Define a random linear recursive sequence (RLRS) as a sequence of random variables $a_0, a_1, \ldots$ which is generated as follows. First, $a_0 = 1$. Then, for every $n$ starting from $1$, choose integers $i$ and $j$ independently and equiprobably from $[0; n-1]$, and set $a_n = a_i + a_j$ (note that at this moment, the values of $a_0$, $\ldots$, $a_{n - 1}$ are already determined).

For example, $a_1 = a_0 + a_0 = 2$, and $a_2$ is equally likely to be $a_0 + a_0$, $a_0 + a_1$, $a_1 + a_0$ and $a_1 + a_1$, thus it has 25% probability to be $2$, 50% to be $3$ and 25% to be $4$. After that, $a_3$ is equiprobably chosen from $a_0 + a_0$, $a_0 + a_1$, $a_0 + a_2$, $a_1 + a_0$, $a_1 + a_1$, $a_1 + a_2$, $a_2 + a_0$, $a_2 + a_1$, $a_2 + a_2$; and so on.

You are to determine the variance of $n$-th term of RLRS.

The variance of a random variable $X$ is defined as $\mathbf{Var}(X) = \mathbf{E}(X - \mathbf{E}(X))^2$ (here $\mathbf{E}(X)$ means expectation or mean value of the random variable $X$).

## 입력

The first line of input contains the integer $n$ ($0 \leq n \leq 10^6$).

## 출력

Let the variance of $a_n$ be a rational number equal to $U/V$ when cancelled to lowest terms (that is, $U$ and $V$ are integers, $V > 0$ and the greatest common divisor of $U$ and $V$ is $1$).

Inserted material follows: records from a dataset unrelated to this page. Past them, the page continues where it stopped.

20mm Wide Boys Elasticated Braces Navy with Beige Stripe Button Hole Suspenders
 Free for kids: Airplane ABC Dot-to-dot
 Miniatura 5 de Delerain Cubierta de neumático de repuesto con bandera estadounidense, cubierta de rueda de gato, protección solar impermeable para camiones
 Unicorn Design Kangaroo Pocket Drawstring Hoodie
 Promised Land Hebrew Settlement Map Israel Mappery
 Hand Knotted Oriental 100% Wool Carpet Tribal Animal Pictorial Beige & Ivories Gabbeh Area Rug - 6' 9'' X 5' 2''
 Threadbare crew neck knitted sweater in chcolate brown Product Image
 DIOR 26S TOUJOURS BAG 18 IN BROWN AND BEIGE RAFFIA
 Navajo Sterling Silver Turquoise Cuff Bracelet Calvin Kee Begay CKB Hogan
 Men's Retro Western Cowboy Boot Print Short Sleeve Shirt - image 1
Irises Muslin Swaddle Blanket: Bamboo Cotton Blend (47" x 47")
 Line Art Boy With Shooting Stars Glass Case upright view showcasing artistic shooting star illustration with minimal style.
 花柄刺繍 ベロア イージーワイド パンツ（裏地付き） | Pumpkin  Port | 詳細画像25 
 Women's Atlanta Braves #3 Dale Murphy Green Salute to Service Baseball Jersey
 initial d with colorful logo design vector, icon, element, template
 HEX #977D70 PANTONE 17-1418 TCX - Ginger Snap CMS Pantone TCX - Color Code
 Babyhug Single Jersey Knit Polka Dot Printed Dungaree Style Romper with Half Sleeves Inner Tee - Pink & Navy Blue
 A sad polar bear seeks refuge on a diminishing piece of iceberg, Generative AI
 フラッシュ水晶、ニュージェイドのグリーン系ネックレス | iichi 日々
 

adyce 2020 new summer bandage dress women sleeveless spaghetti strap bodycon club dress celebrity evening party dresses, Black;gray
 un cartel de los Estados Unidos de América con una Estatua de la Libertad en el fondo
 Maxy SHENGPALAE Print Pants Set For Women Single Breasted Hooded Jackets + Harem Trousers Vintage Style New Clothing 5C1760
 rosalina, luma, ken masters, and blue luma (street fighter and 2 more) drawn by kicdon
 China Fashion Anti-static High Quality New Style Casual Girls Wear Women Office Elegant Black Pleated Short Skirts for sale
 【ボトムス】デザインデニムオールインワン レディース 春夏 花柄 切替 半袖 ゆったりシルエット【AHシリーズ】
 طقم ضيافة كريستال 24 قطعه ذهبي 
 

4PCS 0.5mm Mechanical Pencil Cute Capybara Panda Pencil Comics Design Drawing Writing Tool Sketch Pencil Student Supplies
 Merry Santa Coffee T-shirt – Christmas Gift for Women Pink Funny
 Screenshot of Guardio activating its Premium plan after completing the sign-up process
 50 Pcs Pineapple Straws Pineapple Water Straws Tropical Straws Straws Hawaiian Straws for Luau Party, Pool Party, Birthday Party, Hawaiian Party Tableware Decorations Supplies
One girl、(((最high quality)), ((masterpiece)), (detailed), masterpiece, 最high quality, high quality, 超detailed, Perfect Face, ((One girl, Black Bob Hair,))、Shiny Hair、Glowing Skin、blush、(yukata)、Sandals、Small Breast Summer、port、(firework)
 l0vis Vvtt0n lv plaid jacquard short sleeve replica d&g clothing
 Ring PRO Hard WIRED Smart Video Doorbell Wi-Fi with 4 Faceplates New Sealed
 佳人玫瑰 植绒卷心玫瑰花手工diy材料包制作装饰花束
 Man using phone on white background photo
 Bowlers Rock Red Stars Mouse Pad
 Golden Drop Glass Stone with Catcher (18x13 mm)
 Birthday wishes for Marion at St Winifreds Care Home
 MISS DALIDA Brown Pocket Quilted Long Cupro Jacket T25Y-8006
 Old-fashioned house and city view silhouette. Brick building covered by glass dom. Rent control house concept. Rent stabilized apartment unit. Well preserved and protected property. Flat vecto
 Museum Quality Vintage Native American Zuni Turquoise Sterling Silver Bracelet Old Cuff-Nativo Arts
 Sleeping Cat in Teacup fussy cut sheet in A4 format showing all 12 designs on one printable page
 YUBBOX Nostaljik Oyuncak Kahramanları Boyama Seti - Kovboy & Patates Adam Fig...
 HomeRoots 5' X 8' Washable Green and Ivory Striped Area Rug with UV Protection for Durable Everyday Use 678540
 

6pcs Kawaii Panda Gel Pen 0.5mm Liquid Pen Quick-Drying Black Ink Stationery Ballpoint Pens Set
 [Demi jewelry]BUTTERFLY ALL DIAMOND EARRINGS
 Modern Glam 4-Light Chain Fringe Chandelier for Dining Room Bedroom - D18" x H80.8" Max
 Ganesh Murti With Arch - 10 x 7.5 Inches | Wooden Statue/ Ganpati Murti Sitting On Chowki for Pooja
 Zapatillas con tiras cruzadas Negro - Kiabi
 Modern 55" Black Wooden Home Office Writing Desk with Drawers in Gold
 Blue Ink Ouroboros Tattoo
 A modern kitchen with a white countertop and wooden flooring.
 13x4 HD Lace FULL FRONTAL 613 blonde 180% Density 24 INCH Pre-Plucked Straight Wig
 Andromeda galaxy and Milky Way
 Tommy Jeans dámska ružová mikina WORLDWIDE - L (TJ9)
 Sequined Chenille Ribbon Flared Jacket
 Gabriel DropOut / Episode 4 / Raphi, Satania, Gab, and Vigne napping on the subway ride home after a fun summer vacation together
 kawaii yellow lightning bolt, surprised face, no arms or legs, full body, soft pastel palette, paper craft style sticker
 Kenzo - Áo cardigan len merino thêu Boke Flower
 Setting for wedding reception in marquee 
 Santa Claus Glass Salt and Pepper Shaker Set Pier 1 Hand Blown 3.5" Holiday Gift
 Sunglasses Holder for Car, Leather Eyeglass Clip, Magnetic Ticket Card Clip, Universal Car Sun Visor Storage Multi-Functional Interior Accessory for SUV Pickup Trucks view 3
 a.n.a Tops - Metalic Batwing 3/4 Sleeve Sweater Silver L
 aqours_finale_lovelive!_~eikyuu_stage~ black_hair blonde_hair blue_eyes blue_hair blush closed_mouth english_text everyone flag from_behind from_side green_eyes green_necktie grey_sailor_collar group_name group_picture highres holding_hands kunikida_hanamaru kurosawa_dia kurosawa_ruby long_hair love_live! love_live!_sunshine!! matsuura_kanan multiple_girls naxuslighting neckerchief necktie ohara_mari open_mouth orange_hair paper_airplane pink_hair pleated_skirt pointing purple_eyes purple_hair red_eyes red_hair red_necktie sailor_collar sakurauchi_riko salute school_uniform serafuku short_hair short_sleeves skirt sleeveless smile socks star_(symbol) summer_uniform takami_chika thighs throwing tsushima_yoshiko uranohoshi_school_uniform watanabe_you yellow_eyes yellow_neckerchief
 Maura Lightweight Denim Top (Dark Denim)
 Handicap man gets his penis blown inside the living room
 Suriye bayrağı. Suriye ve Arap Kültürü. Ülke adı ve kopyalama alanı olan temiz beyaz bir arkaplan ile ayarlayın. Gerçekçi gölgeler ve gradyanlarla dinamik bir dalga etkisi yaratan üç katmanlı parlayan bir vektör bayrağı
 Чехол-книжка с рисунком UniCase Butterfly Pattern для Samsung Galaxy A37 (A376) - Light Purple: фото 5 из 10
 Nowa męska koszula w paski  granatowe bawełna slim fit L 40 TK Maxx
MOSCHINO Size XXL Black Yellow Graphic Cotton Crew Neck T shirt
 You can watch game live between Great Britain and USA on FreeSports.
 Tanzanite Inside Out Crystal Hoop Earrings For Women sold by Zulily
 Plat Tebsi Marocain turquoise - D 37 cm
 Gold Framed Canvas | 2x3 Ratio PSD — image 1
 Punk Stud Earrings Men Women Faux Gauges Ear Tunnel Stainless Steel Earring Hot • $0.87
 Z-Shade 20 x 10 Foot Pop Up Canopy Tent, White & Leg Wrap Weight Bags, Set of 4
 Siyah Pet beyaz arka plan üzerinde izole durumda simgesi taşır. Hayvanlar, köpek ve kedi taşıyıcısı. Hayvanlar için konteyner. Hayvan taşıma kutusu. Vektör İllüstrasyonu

Output the number $X = (U \cdot V^{-1}) \bmod (10^9 + 7)$. That is, $X$ should satisfy the congruence $VX \equiv U$ modulo $(10^9 + 7)$. It is guaranteed that such $X$ exists and is the only root of this equation with $0 \leq X < 10^9 + 7$.

## 예제 입력 1

1


## 예제 출력 1

0


## 예제 입력 2

2


## 예제 출력 2

500000004


## 예제 입력 3

5


## 예제 출력 3

305555565


## 노트

$a_1$ is always equal to $2$, so $\mathbf{Var}(a_1) = 0$.

$\mathbf{Var}(a_2) = \frac{1}{2}$.

$\mathbf{Var}(a_5) = \frac{263}{36}$.